Xinlong-Chen commented Apr 25, 2023

Got it!

Based on forementioned reasons, we also can implement bs status snapshot command with 2 rpcs.

There are the corresponding metric strings I found about snapshot. I don't know if that's right?

STATUS_SUBURI  = "/vars/snapshotcloneserver_status"
VERSION_SUBURI = "/vars/curve_version"

@Cyber-SiKu
Copy link
Contributor Author

Got it!

Based on forementioned reasons, we also can implement bs status snapshot command with 2 rpcs.

There are the corresponding metric strings I found about snapshot. I don't know if that's right?

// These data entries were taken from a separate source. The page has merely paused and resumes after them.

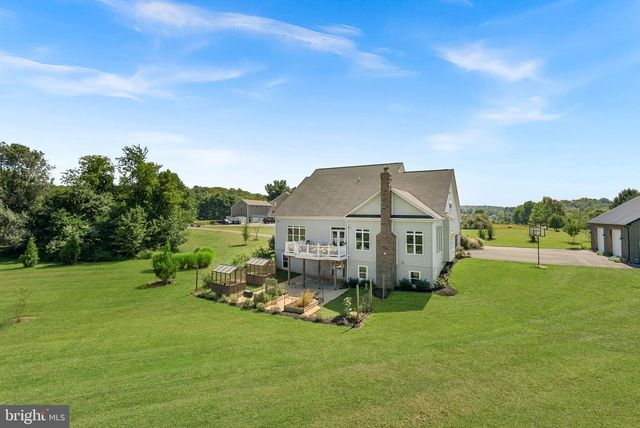 16573 CLARKES GAP RD, Paeonian Springs, VA 20129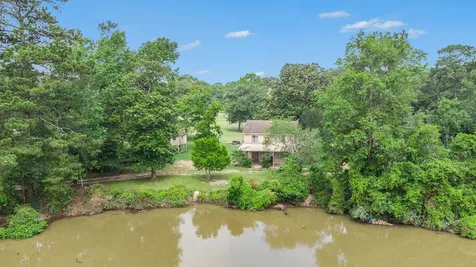 32300 Cypress Hollow Drive N New Caney TX 77357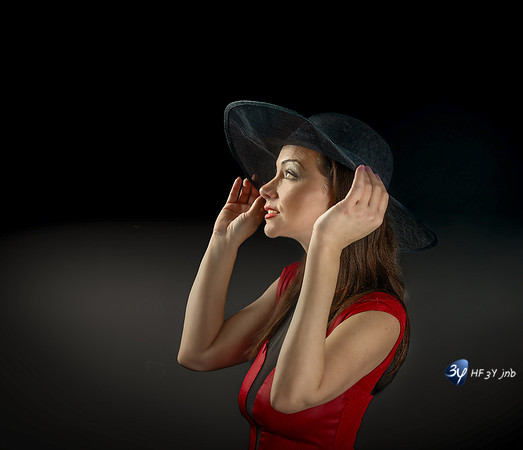 10122025-20251210-Corinne-Studio-P-Z9B_0188-2-Modifier-Modifier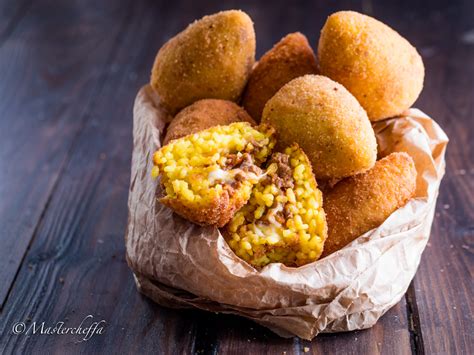 Arancine siciliane al ragù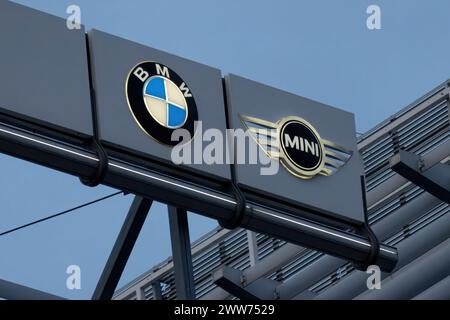 BMW und MINI-Logos auf dem Gebäude des Autohauses – BMW ist ein deutscher multinationaler Automobilhersteller. Stockfoto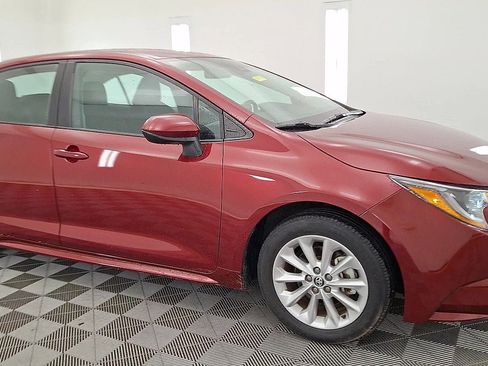 Used 2022 Toyota Corolla LE image 6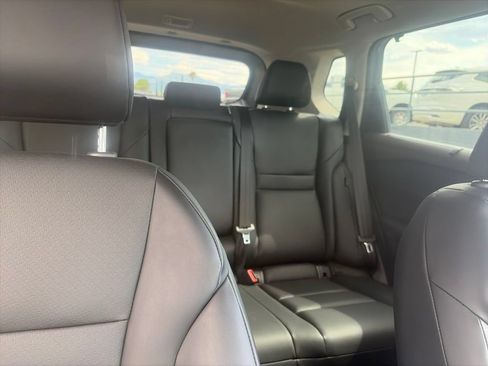 Used 2023 Nissan Rogue SV w/ SV Premium Package FWD image 28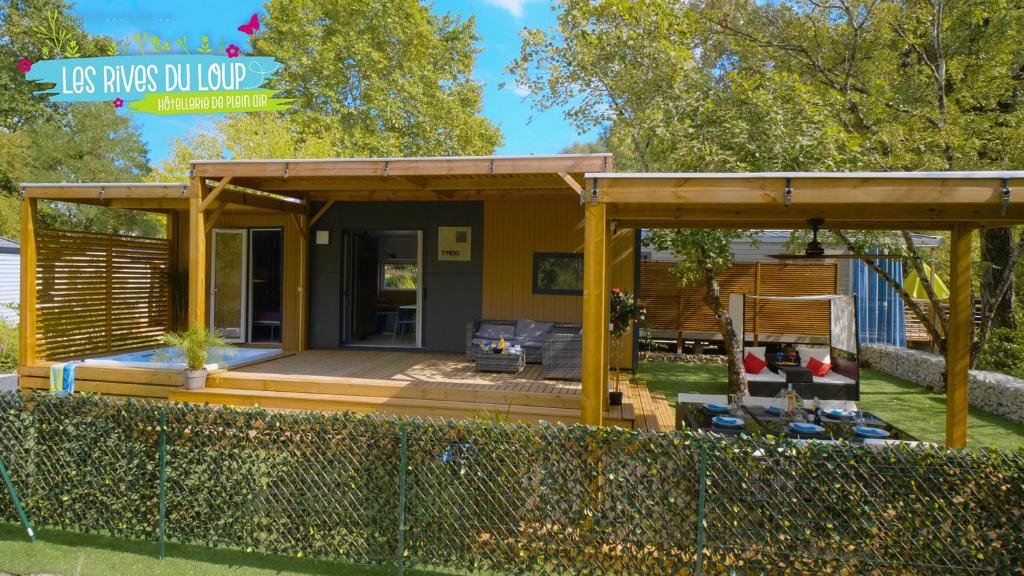 Zahrada ubytování Camping Hotel Les Rives du Loup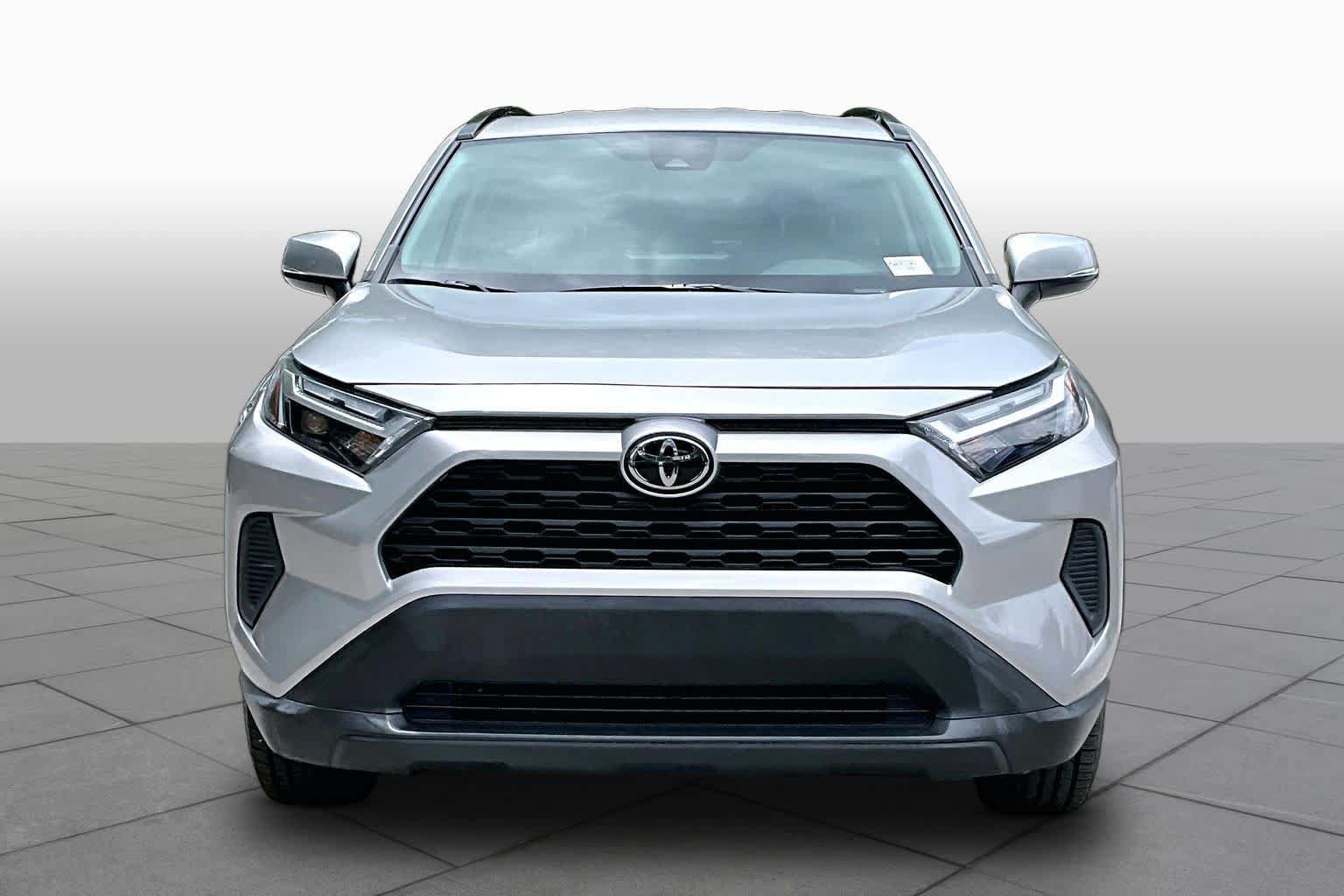 Used 2023 Toyota RAV4 XLE FWD image 6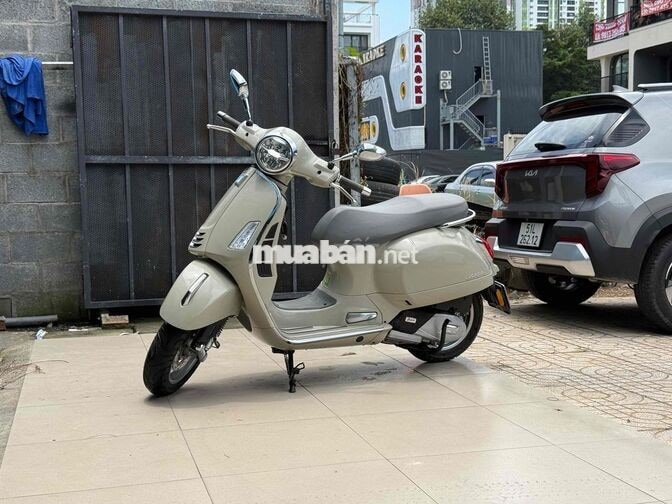 Piaggio Vespa GTS 2024 iGet 150cc Kem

STATUS_SUBURI  = "/vars/snapshotcloneserver_status"
VERSION_SUBURI = "/vars/curve_version"

It should be like this, you can refer to the old code. It seems that there are differences in versions

@Xinlong-Chen
Copy link
Contributor

Well, I also have a question that how can I test it?
When I use tools-v1 command curve_ops_tool snapshot-clone-status in docker(use reference image),the following result I get bothers me.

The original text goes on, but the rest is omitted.